Avec Le fils de Joseph, je découvre Eugène Green pour la première fois. Là aussi, on est dans du cinéma cultivé et spirituel : mais y en a marre des films creux et incultes. Ici, on est même à la frontière du film religieux : d'ailleurs les cinq titres de chapitres sont des références à la Bible (Le sacrifice d'Isaac, Le veau d'or, Le sacrifice d'Abraham, Le charpentier, La fuite en Égypte). Tant pis pour ceux que ça hérisse ! C'est l'histoire de Vincent (Vincent Ezenfis), un adolescent de seize ans, qui vit avec sa mère Marie (Natacha Régnier) et n'a jamais connu son père.

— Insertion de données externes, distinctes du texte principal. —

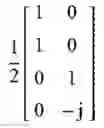 Fig. 741 - Method and apparatus for measuring and feeding back channel information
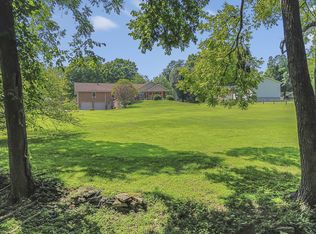 5656 Cloverland Dr, Brentwood, TN 37027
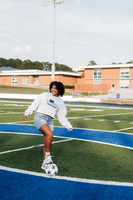 senior2025-11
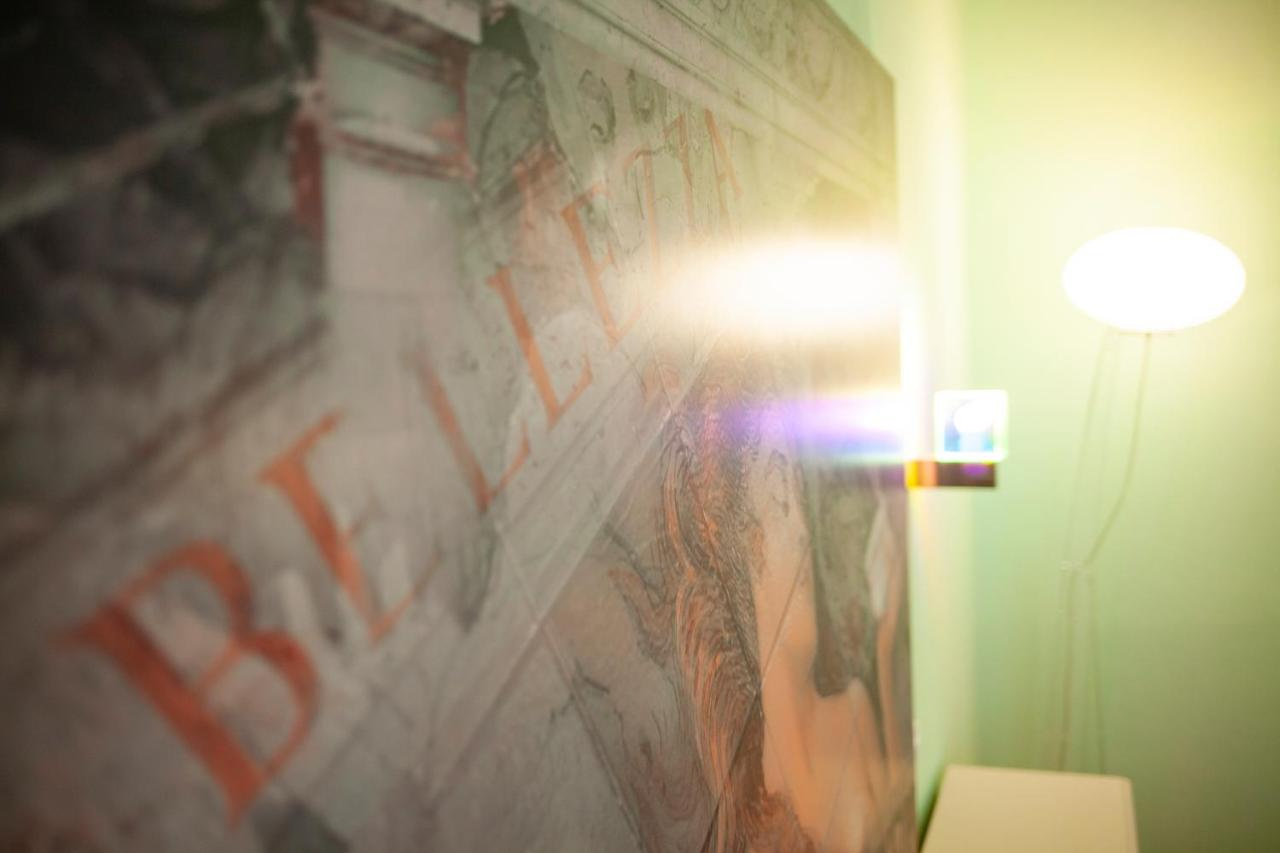 Foto - Smart Hotel Bartolini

Marie non plus n'a pas "refait" sa vie. Vincent vit très mal de ne rien savoir et, le jour où fouillant dans le secrétaire de sa mère, il découvre la vérité, il décide de passer à l'action : il tente de voir son géniteur sans se faire reconnaître et, découvrant que c'est un salaud, il décide de la tuer... Je n'en dis pas plus, allez voir ce film qui offre des lectures et questionnements multiples : qu'est-ce que la vérité, le mensonge, la paternité, la filiation, le désir de tuer, l’appel de Dieu, la sincérité, la perversion, l’amour vrai… Vincent va rencontrer Joseph (excellent Fabrizio Rongione, que je venais de voir deux semaines avant dans Le cœur régulier), un homme qu'il trouve "bon", et dont il va en quelque sorte faire un père de substitution. C'est un film plein de grâce, d'abord dans la mise en espace (j'ai redécouvert Paris, aussi bien que la Normandie, où la quête du père s'achève, beaucoup de plans fixes extrêmement bien éclairés, comme des tableaux), par son humour dévastateur (l'éditeur prétentieux joué par Mathieu Amalric, la chroniqueuse littéraire ridicule jouée par Maria de Medeiros m'ont tordu les zygomatiques), par la manière de parler des personnages, qui ne jouent pas le texte, mais le disent, en faisant toutes les liaisons qu'on ne dit plus aujourd'hui (ex. : plus-z-aujourd'hui) et par les partitions musicales superbes qui accompagnent, en particulier lors d'une répétition de chant dans une église, où Vincent et Joseph assistent, éclairés par des bougies. Donc une sorte de fable ou de parabole, pour en rester au vocabulaire religieux, qui joue sur la révélation, au sens christique du terme. Nous étions tous éblouis à la sortie !!!